Fatimah Asghar
November, 2017

Photo Credit: RJ Eldridge
Can you tell us your favorite:
Food
Haleem & Roti
Color
gold
Fictional Character
Sirius Black
Film
This changes a lot but currently: Moonlight
Word
Convenient
If you had to have a one-word bio, what would it be for you?
Basic
Earliest poetic influences, and current poetic influences?
My family & my peers have been my earliest. When I first started writing poetry I looked up a lot to my friends around me & still do– folks like Franny Choi and Jamila Woods.
My poetry influences range all over the place. I love Ross Gay, Tarfia Faizullah, Natalie Diaz, Patricia Smith– my list can go on and on.
What are you currently reading?
What Is Not Yours Is Not Yours by Helen Oyeyemi
I’ve been thinking a lot about our responsibilities–what it means to be a responsible reader or writer. In everything you do, from Brown Girls or panels/performances to poetry, social media and other forms of writing, what do you feel most responsible for in your work?
That varies per project– I feel a lot of responsibility to the purpose of the project, as well as who the intended audience for the project is. I feel a responsibility to treat the characters and images in my work with care and love, to not bring them up to just discard them. I think of the way that I create a lot as a web of relationships I am building– with other artists, with my family, with people– I feel a responsibility to all those things.

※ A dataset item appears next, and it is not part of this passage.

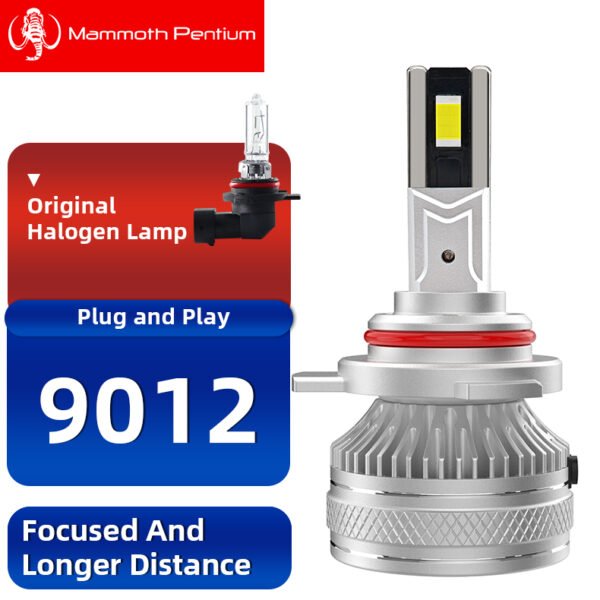 P65 65W 6500LM White LED Headlight Bulbs 2Pcs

Fatimah Asghar is a nationally touring poet, performer, educator, and writer. Her work has appeared in POETRY Magazine, BuzzFeed Reader, Academy of American Poets and many others. She is a member of the Dark Noise collective and a Kundiman Fellow. Her chapbook After was released on Yes Yes Books fall 2015. She is the writer of Brown Girls, an Emmy nominated web series. In 2017 she was the recipient of a Ruth Lilly and Dorothy Sargent Rosenberg Fellowship from the Poetry Foundation. Her debut collection of poems If They Come For Us is forthcoming on One World/ Random House Summer 2018.